When he saw a specialist the next week in Jackson, x-rays showed then bones were already ahead of schedule in healing. But the initial prognosis wasn’t one he wanted to hear.

“They told me then that it would be six months before I could play baseball or football again, and I wasn’t having that,” Kelley said.

He plays travel ball and was preparing to be on a good team that won a lot of games throughout the month of June, but he didn’t get to play. He didn’t get to practice football or work out in June. When he did watch the team work in June, he had to stay in the press box with the air conditioning on.

“I couldn’t get hot or do anything that would raise my blood pressure,” Kelley said. “Because until the bones around my eye healed and were strong enough to keep it in place, it was a legit concern that my eye could fall out.

“When I sneezed, my mom told me to keep my eye closed.
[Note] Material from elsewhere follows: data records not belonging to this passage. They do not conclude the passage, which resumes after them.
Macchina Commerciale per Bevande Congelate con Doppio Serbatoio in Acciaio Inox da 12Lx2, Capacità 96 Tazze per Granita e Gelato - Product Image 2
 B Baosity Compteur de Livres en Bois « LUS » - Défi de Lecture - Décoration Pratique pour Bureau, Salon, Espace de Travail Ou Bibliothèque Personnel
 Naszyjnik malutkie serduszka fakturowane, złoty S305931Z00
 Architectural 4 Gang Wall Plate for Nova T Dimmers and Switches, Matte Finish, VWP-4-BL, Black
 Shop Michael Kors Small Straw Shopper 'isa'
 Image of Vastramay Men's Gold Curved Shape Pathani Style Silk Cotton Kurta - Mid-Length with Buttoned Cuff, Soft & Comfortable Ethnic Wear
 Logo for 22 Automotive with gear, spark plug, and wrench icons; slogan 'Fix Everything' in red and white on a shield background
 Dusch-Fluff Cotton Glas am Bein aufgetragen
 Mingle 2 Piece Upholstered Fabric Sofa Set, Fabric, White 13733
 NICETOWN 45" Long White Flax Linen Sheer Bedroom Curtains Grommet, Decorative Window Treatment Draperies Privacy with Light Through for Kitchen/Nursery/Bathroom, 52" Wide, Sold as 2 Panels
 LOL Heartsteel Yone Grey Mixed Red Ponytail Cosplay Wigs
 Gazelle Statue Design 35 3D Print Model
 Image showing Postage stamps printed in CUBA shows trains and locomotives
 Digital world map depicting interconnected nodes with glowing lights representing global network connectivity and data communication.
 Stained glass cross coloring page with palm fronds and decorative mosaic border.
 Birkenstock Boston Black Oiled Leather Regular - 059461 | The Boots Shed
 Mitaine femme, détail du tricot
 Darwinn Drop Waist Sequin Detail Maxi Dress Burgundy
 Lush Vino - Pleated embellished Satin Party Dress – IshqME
I felt like I looked weird whenever I sneezed because of that.”

Kelley’s healing was significantly ahead of schedule. So much so that he returned to limited football activity in July when the team returned from dead period. He couldn’t take contact at all in preseason and wouldn’t until the opening game against Northpoint Christian in Week 1.

It was during preseason camp that he earned a couple of nicknames.

“I had to wear a protective mask that made me look like a bird, so they called me ‘Angry Bird,’” Kelley said laughing. “And I had to wear the yellow no contact jersey all the time, so everybody was calling me ‘Mustard.’”

But he was OK with the good-natured ridicule from his teammates because a lot of them stayed in constant contact with him while he was away from the team.

“Austin received many phone calls, texts and visits from students, coaches and faculty from JCS,” his parents said. “Our family also got cards in the mail and was contacted by other schools and students praying for Austin.

“We are so thankful for everyone that had Austin in their thoughts and prayers.”

Palmer and the rest of the Eagles coaching staff – and everyone else associated with the program – were cautiously optimistic about him being able to play against Northpoint.

“They were going to have to keep me from going out there,” Kelley said.

Then gameday came, and it was time to play.

It didn’t take long for the Northpoint defense to get into the backfield and put pressure on Kelley. He made a read, waiting for the receiver to get downfield and made the throw as the defense got to him.

“I wasn’t really nervous going in because I felt good, and I’d stayed with my recovery schedule and trusted my body to heal,” Kelley said. “I feel like I would’ve been OK weeks before that game if I’d gotten hit, so at that point, I was just playing football and taking a hit.

“But I also trust my line to protect me, and they’ve done a good job of that too. I’m blessed with good blocking, but I was really blessed that day that situation wasn’t a lot worse than it could’ve been.”

Kelley says he feels great and normal now.

“I’m playing and taking hits and exerting myself with no problems,” Kelley said. “I’m set to get back to pitching here in a couple weeks, and I’m looking forward to doing that too.”

Palmer said watching Kelley go through the ordeal has shown him more about the passer than he already knew.

“I knew Austin was a competitor who loves to get out on the field and get after it, no matter the sport,” Palmer said. “And when he told me they’d said no football for six months [which would’ve put him not getting on the field until November], he had a look in his eye that said, ‘Watch me.’

“And that’s how he is with any challenge. He’s a great teammate to have in our program, and I was proud of how the rest of the team rallied around him all summer.”

Kelley and the Eagles travel to Goodpasture Friday.